Boost logo

Boost Interest :

Subject: [Boost-cmake] Analysis of the current CMake system
From: Brad King (brad.king_at_[hidden])
Date: 2009-01-14 11:52:21


Hi Folks,

I'm considering attending BoostCon 2009 to provide developer-level
CMake expertise, and I'm looking into proposing a session as Hartmut
requested. In preparation I've downloaded and tried the current
system and read back through some of the discussion on this list:

  http://thread.gmane.org/gmane.comp.lib.boost.cmake/4
  http://thread.gmane.org/gmane.comp.lib.boost.cmake/10

The current system feels very bulky compared to CMake-generated build
systems I've used for projects of comparable size. This is primarily
due to the use of top-level targets for the tests. IMO the efforts to
provide test-to-library dependencies and to avoid log-scraping have
steered the system off-course.

One of the goals of CMake is to let developers use their favorite
native tools. These include Visual Studio and Xcode along with Make
tools. In order to support these tools CMake's build model separates
high-level targets from low-level file dependencies. The
add_executable(), add_library(), and add_custom_target() commands
create high-level targets. Each target contains file-level rules to
build individual sources.

In generated VS and Xcode projects the high-level targets become
top-level items in the GUIs. These IDEs define file-level rules
inside each target. In generated Makefiles there is a two-level
system in which the outer level knows only about inter-dependencies
among high-level targets and the inner level loads the file-level
rules inside each target. This design yields fast builds because each
make process sees a relatively small set of rules (and makes automatic
dependency scanning easy and reliable). It also makes the
representation of build rules in the IDEs tractable.

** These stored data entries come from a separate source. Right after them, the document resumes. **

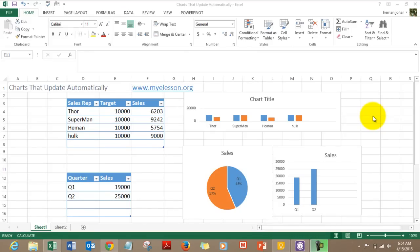Hello everybody and welcome to my e-lesson. I'm your guru and in this video I'll teach you how to make charts that update automatically. Let me show you what I mean — here is some data I have taken.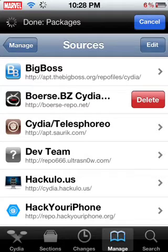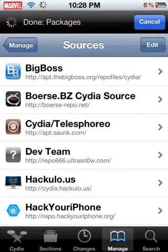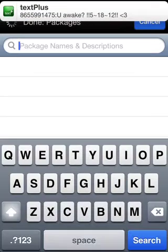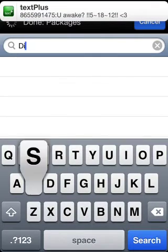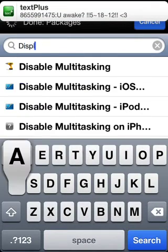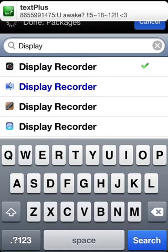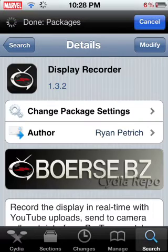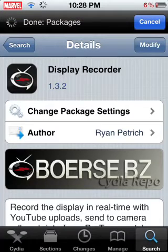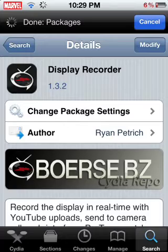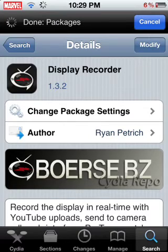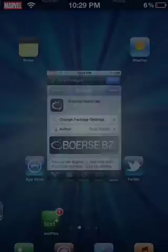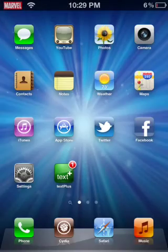Now, once you get that, you're going to open that up, and you're going to search display recorder, and you're going to click modify, and then you're going to click install, and install that, and then you're just going to restart to your springboard, and it's going to bring you straight back to here.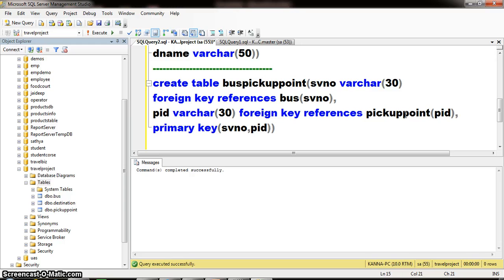Whenever you try to apply a foreign key constraint, you have to follow some rules. The data type of the primary key and the data type of the foreign key column both must be the same, along with the size. Foreign key will allow duplicate values, it will allow null values, and we can apply more than one foreign key constraint on a single table. We cannot insert a value in a foreign key column if the value is not available in the primary key column. We cannot drop a primary key constraint until we drop the foreign key constraint. We cannot delete a value from the primary key column until the value is deleted from the foreign key column.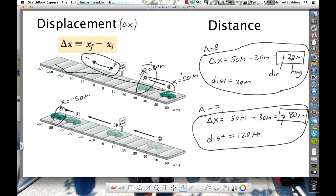That's one of the tricky things in physics. Distance and displacement is a tricky one because one is vector and the other is scalar. All displacement cares about is starting point and ending point. Any questions?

The key is that
there should be relatively few high-level targets compared to the
number of file-level rules.

Currently Boost's CMake system creates about two high-level targets
for each test. One is the add_executable() to build the test and the
other is the add_custom_target() to run the test. This results in a
very large number of high-level targets. The generated Xcode and VS
projects are simply too large for the IDEs to load (I waited 10
minutes for VS to try), which already defeats one purpose of using
CMake. This leaves the Makefile generators as the only option.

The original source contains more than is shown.